───── Working data ─────

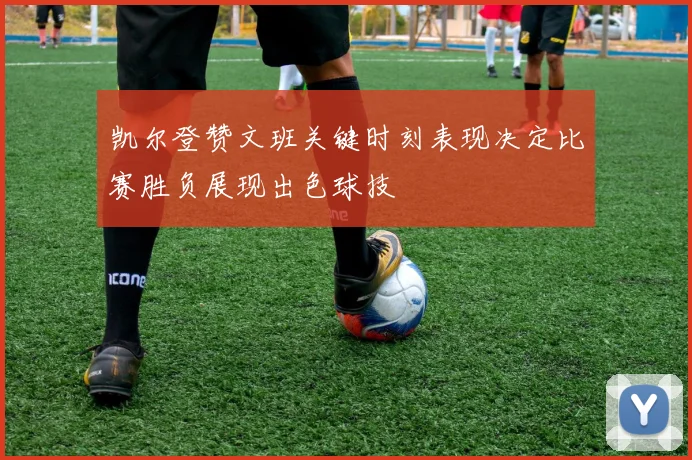 凯尔登赞文班关键时刻表现决定比赛胜负展现出色球技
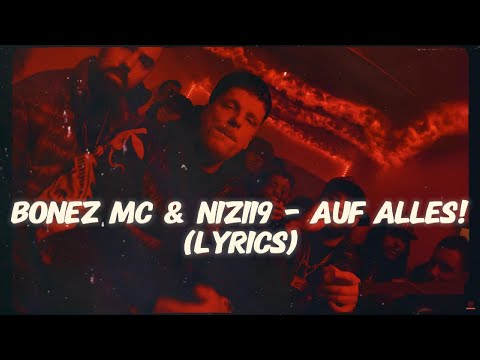 Bonez MC x Nizi19 - auf alles! (LYRICS)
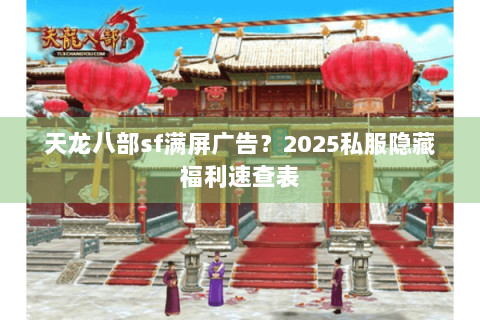 天龙八部sf满屏广告?2025私服隐藏福利速查表 天龙八部sf满屏广告?2025私服隐藏福利速查表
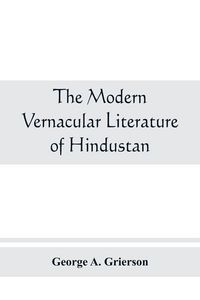 Produktbild: The modern vernacular Literature of Hindustan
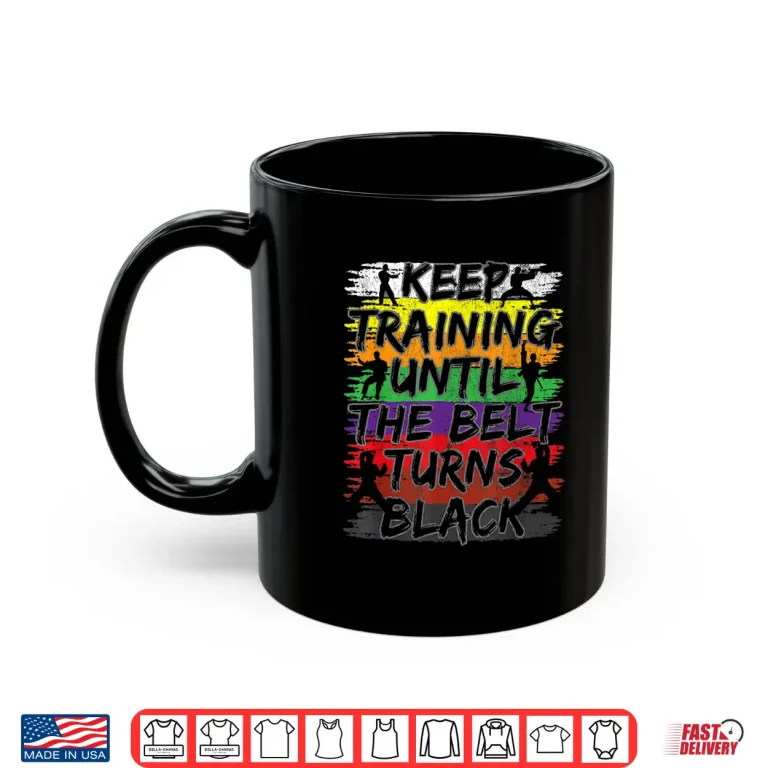 Mug Keep Training Until The Belt Turns Black Karate Professional Gift Shirt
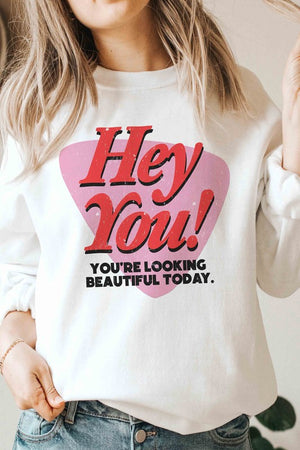 HEY YOU YOU'RE LOOKING BEAUTIFUL TODAY Sweatshirt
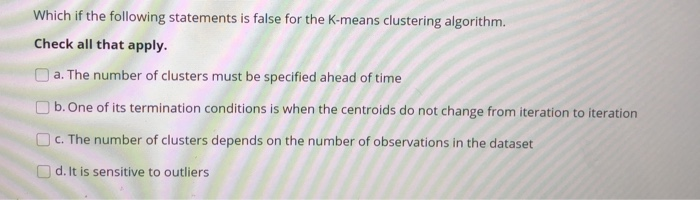 Which if the following statements is false for the K-means clustering algorithm.
Check all that apply.
Oa. The number of clusters must be specified ahead of time
O b. One of its termination conditions is when the centroids do not change from iteration to iteration
OC. The number of clusters depends on the number of observations in the dataset
O d. It is sensitive to outliers
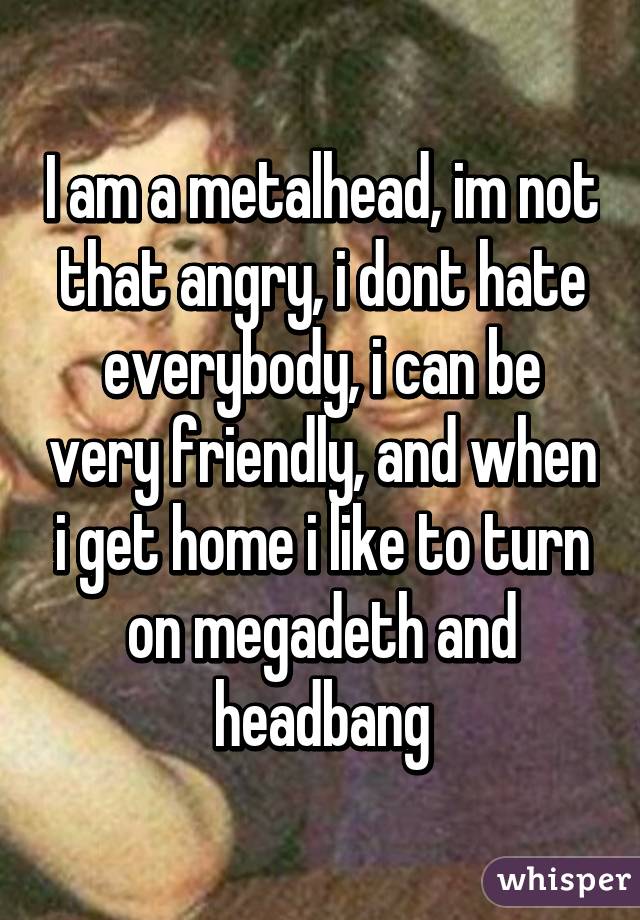 I am a metalhead, im not that angry, i dont hate everybody, i can be very friendly, and when i get home i like to turn on megadeth and headbang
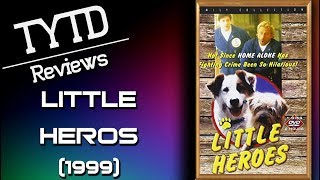 Little Heros (1999) - TYTD Reviews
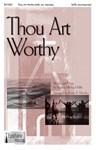 Thou Art Worthy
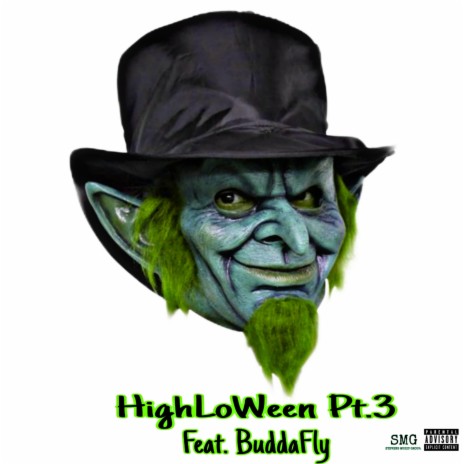 HighLoWeen, Pt. 3 ft. BuddaFly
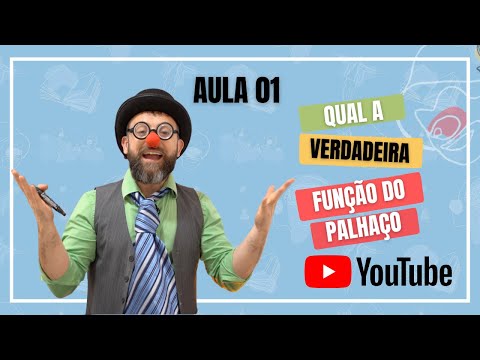 Aula 01 - Qual a verdadeira função do palhaço?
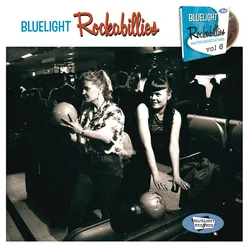 Bluelight Rockabillies vol.6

─────

■ Your goal
Which part of the entries opens with the line containing "Bonez MC x Nizi19 - auf alles! (LYRICS)" and closes with the line containing "Oa. The number"? Output that part exactly, ends included, pictures excluded.

■ Answer section
 Bonez MC x Nizi19 - auf alles! (LYRICS)
 天龙八部sf满屏广告?2025私服隐藏福利速查表 天龙八部sf满屏广告?2025私服隐藏福利速查表
 Produktbild: The modern vernacular Literature of Hindustan
 Mug Keep Training Until The Belt Turns Black Karate Professional Gift Shirt
 HEY YOU YOU'RE LOOKING BEAUTIFUL TODAY Sweatshirt
 Which if the following statements is false for the K-means clustering algorithm.
Check all that apply.
Oa. The number of clusters must be specified ahead of time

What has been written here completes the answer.